Copy out all lines of the material below in which "tumor" occurs.

——

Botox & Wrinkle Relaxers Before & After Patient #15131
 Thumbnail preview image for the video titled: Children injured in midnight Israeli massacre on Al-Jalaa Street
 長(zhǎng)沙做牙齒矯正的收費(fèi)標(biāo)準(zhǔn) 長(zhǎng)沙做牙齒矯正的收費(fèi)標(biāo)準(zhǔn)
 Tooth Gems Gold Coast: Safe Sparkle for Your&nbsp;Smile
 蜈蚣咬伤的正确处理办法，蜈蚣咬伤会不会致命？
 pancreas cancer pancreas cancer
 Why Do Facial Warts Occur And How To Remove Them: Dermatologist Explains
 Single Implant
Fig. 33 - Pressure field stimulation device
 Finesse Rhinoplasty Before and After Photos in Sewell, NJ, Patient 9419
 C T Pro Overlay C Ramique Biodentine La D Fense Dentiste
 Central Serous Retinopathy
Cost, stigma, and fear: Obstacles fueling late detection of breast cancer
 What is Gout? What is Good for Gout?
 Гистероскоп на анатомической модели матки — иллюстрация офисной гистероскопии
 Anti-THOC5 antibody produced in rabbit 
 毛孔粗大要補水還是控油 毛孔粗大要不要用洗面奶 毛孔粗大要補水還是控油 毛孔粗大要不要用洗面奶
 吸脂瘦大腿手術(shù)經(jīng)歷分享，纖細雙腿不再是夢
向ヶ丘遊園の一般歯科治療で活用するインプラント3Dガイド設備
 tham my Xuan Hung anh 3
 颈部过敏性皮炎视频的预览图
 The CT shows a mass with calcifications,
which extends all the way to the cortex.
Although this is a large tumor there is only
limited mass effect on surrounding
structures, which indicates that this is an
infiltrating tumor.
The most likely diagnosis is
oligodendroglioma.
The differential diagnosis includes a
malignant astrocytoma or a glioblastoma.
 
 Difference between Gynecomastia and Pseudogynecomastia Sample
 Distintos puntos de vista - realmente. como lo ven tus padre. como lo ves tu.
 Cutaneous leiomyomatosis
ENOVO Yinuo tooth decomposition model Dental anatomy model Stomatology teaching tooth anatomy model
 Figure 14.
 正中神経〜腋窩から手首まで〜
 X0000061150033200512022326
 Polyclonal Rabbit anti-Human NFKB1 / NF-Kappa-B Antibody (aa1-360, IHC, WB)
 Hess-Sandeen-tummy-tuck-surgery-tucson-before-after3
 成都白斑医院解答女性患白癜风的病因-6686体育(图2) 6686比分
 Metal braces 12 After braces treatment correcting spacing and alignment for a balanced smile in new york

——

TASK OUTPUT -
Although this is a large tumor there is only
infiltrating tumor.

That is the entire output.